Ahmet Refik'in, Köprülü Mehmet Paşa'yı anlattığı kitabında, Paşa'nın altı yıllık sadrazamlığı sırasında "giderdiği" insanların sayısının birkaç bini bulduğunu yazar.. Şeyhler, müftüler, yeniçeri ağaları, valide sultan gözdeleri.. Hemen herkes payını alır bundan. Yazık edilenler arasında şair Vecdi de vardır. Girit Serdarı Deli Hüseyin Paşa ile Limni Fatihi Topal Mehmet Paşa da unutulmamıştır!.. Köprülü'nün öfkesinden Fransa Elçisi Jacques Le Hay de kurtaramaz paçasını. Bu öfkenin başka bir nedeni de vardır. Le Hay, Köprülü sadrazam olduğu vakit, bu görevin uzun sürmeyeceğini sanmış ve sadrazamlara verilmesi gelenek haline gelmiş olan armağanları ondan esirgemiştir. Gerçi Köprülü'nün gidici olmadığını anladığında onun huzuruna koşmuştur ama, Köprülü elçiyi pek soğuk karşılamıştır..

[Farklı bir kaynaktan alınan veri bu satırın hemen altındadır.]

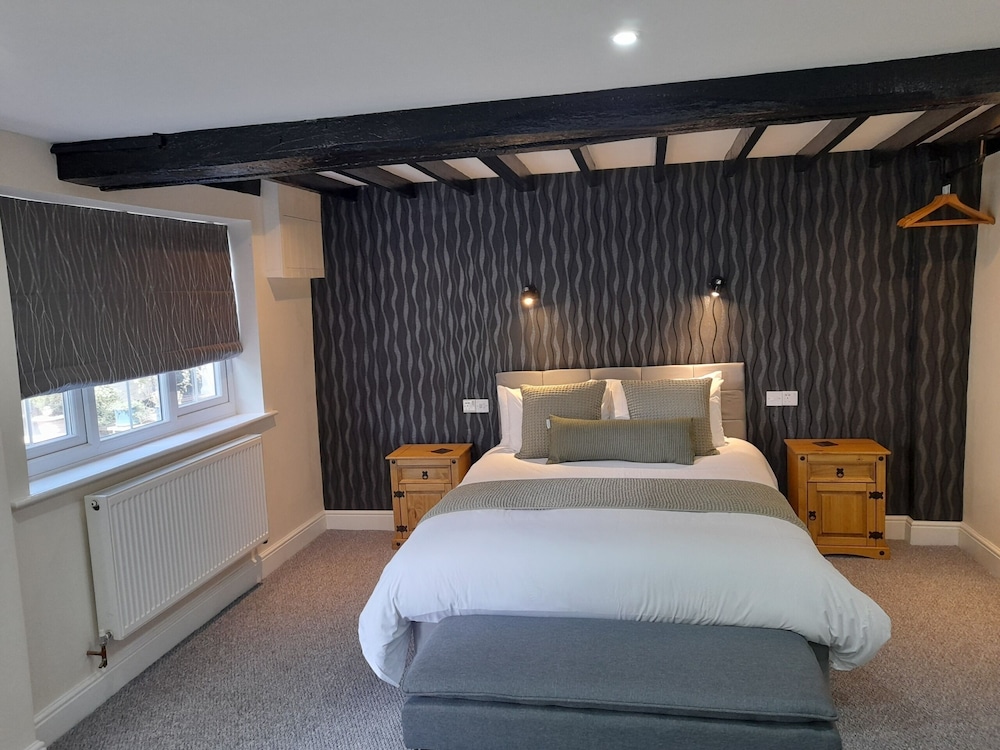 The George and Dragon Inn — hotel in Sudbury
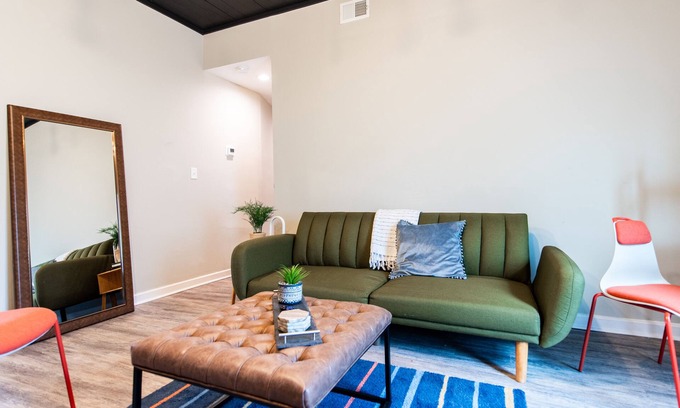 Germantown Apartment | NEW ⭐️ Louisville Dream Oasis 2 bed +W/D+Mesh WiFi in FUN Logan Street Market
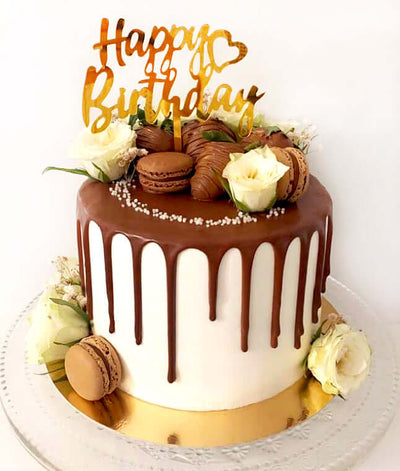 Almond-paste-drip-Cake-with-Flowers-Macarons-Dodomarket-delivery-Mauritius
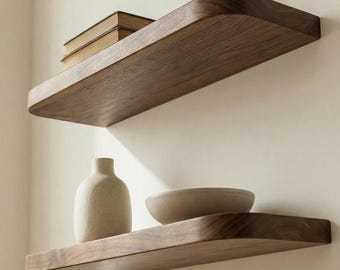 Minimalistische zwevende houten plank, gladde afgeronde hoeken, kaarsen en decor, echte foto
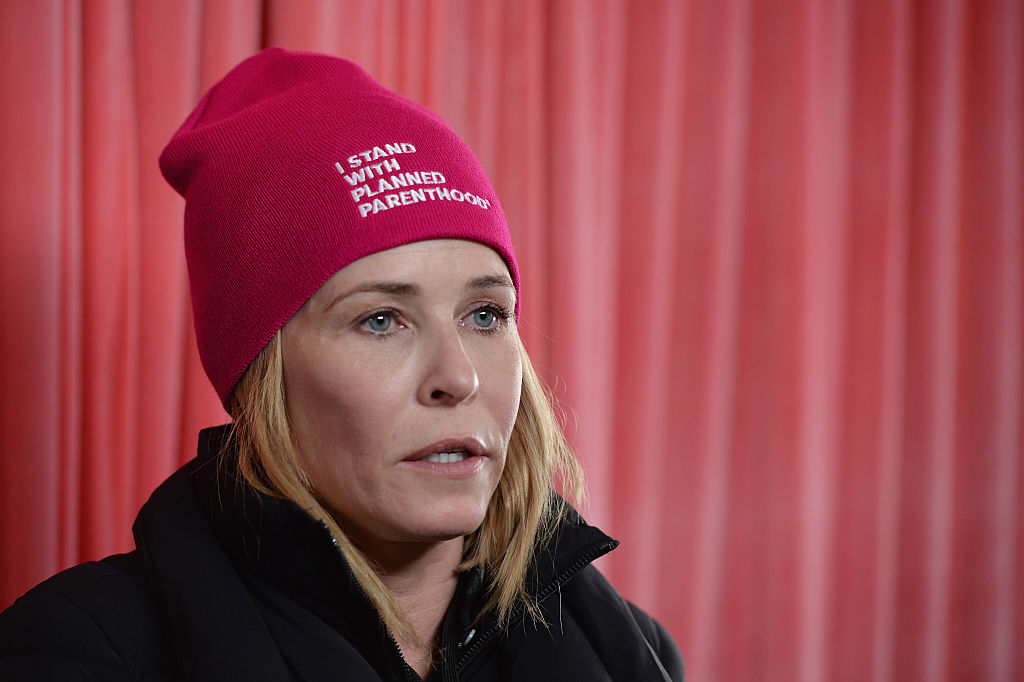 Son père meurt en déportation dans le camp de . Chelsea Handler: Melania Trump âCan Barely Speak English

Köprülü, kısa bir süre sonra, Kandiye'deki Venedik kaptanından elçiye gönderilen şifreli bir mektubu bahane ederek önce elçinin oğlu Vantoulet'ye güzel bir sopa çektirmiş, sonra da elçiyi zindana attırmıştır.. Le Hay, Köprülü'ye, "Ben şifre bilmem ki," diye karşılık vermemiş olsaydı belki vartayı atlatacaktır; ama büyükler kendi düşüncelerine ters düşen sözlerden hoşlanmadığı için, Köprülü de buna çok kızmıştır..

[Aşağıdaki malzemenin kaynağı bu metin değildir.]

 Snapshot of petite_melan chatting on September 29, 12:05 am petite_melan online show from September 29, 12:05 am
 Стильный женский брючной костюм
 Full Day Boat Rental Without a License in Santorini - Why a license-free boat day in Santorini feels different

Fransa Kralı 14. Louis, elçisine yapılan hareketi incelemek üzere Blondel adında birini Sultan "Avcı" Mehmet'e gönderdiği vakit, Köprülü onu padişahla görüştürmez. Böylece Blondel, Köprülü'nün sadrazamlıktan alınmasını isteyen Fransız notasını veremeden geriye döner..
Köprülü'nün Fransa elçisini aşağılaması bununla da bitmez. Elçi, bir gün Köprülü'yü memnun etmek için ona 14. Louis'nin ispanyollara karşı elde ettiği zaferden söz açınca, Köprülü şu karşılığı verecektir: "Kelp (köpek) hınzırı, hınzır kelbi dalamış, neme gerek. Asıl, padişahımızın işleri yolunda gitsin, ben ona bakarım."
Osmanlı'nın o yıllarda Fransa'ya böyle davranışlarda bulunmasına karşın Fransa'nın fazla tepki gösterememesinin nedeni; Mekke ve Medine'ye yakınlığı dolayısıyla Hristiyan gemilerine kapalı tutulan Kızıldeniz'in Fransızlara açık bulundurulmasıdır..
(SALÂH BiRSEL, "Şiir ve Cinayet", SEL Yayınları, 1975).